Motion Estimation Without Integer-Pel Search
IEEE Transactions on Image Processing，2012，22（4）：1340 - 135 | 2012年11月20日 | 10.1109/TIP.2012.2228495
The typical motion estimation (ME) consists of three main steps, including spatial-temporal prediction, integer-pel search, and fractional-pel search. The integer-pel search, which seeks the best matched integer-pel position within a search window, is considered to be crucial for video encoding. It occupies over 50% of the overall encoding time (when adopting the full search scheme) for software encoders, and introduces remarkable area cost, memory traffic, and power consumption to hardware encoders.
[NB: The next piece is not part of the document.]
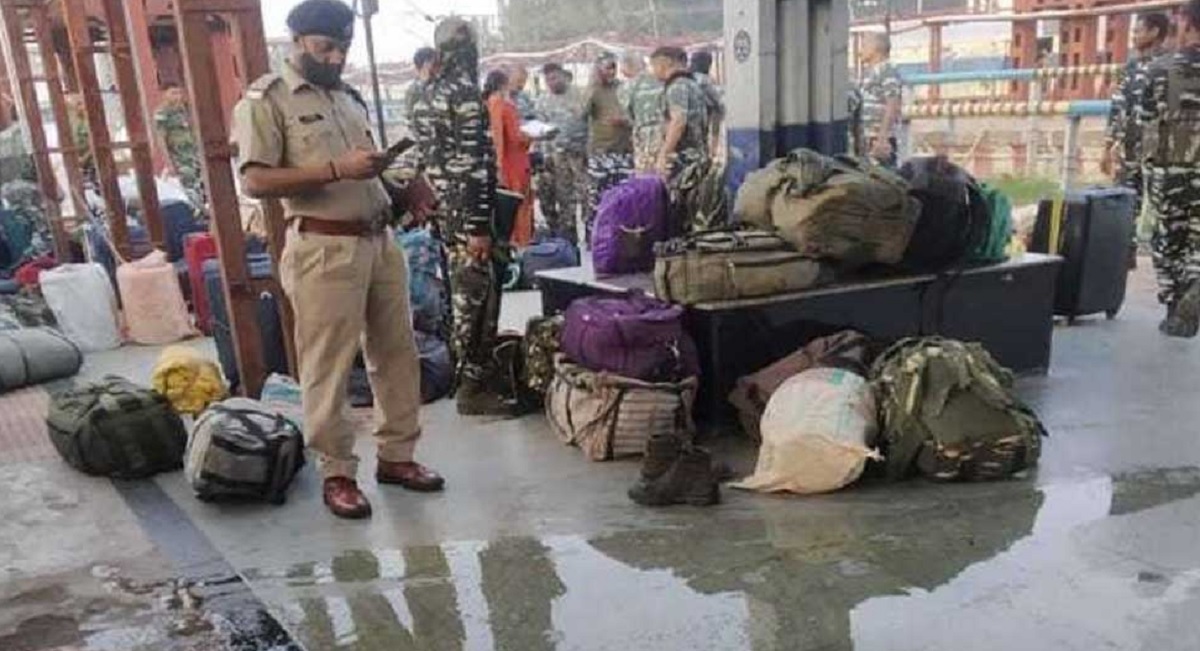 ভারতের সশস্ত্র বাহিনীকে বহনকারী ট্রেনে ভয়াবহ বিস্ফোরণ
In this paper, we find that video sequences (especially high-resolution videos) can often be encoded effectively and efficiently even without integer-pel search. Such counter-intuitive phenomenon is not only because that spatial-temporal prediction and fractional-pel search are accurate enough for the ME of many blocks. In fact, we observe that when the predicted motion vector is biased from the optimal motion vector (mainly for boundary blocks of irregularly moving objects), it is also hard for integer-pel search to reduce the final rate-distortion cost: the deviation of reference position could be alleviated with the fractional-pel interpolation and rate-distortion optimization techniques (e.g., adaptive macroblock mode). Considering the decreasing proportion of boundary blocks caused by the increasing resolution of videos, integer-pel search may be rather cost-ineffective in the era of high-resolution. Experimental results on 36 typical sequences of different resolutions encoded with x264, which is a widely-used video encoder, comply with our analysis well. For 1080p sequences, removing the integer-pel search saves 57.9% of the overall H.264 encoding time on average (compared to the original x264 with full integer-pel search using default parameters), while the resultant performance loss is negligible: the bit-rate is increased by only 0.18%, while the peak signal-to-noise ratio is decreased by only 0.01 dB per frame averagely.